2) Geometric Grasp Synthesis
Candidate hand poses are sampled near the useful region. A force-closure-based energy with joint limits and collision penalties is minimized to produce physically valid and functional grasps.
3) Simulation Evaluation
Each grasp is perturbed and tested in Isaac Gym on tasks such as Lift and Pick&Shake. Success rates across perturbations become continuous labels, and unstable grasps are filtered out.

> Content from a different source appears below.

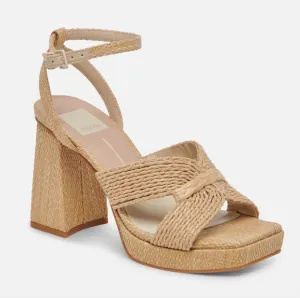 Women Aries Heel Sandal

4) Diffusion Policy Distillation
A diffusion model is trained to map a noisy grasp and depth-based BPS input to a final grasp. This combines semantic priors from VLMs and geometric accuracy from optimization for fast inference.
Results
Phase 1: Synthetic Data Generation (Optimization)
This section evaluates our simulation-based pipeline's ability to generate high-quality "ground truth" labels. This "Teacher" data is what we use to train our final model.
1.1 Functional Alignment
1.2 Single-Object Generation Metrics
| Object | Get a Grip | IFG (Ours) |
|---|---|---|
| Water Bottle | 49.1 | 62.8 |
| Large Detergent | 51.2 | 62.5 |
| Spray Bottle | 43.1 | 54.5 |
| Pan | 48.1 | 52.1 |
| Small Lamp | 56.8 | 85.7 |
| Spoon | 42.7 | 50.9 |
| Vase | 32.2 | 55.9 |
| Hammer | 45.8 | 45.8 |
| Shark Plushy | 19.8 | 25.1 |
| Overall Average | 50.93 | 51.11 |
1.3 Optimization Pipeline Ablation
| Configuration | Single (Lift) | Cluttered (Lift) |
|---|---|---|
| Single camera only | 47.83 | 18.53 |
| + Multi-camera views | 48.37 | 24.70 |
| + Two-means clustering | 49.04 | 31.59 |
| Full IFG Pipeline | 51.11 | 32.23 |
Phase 2: Trained Diffusion Model (Inference)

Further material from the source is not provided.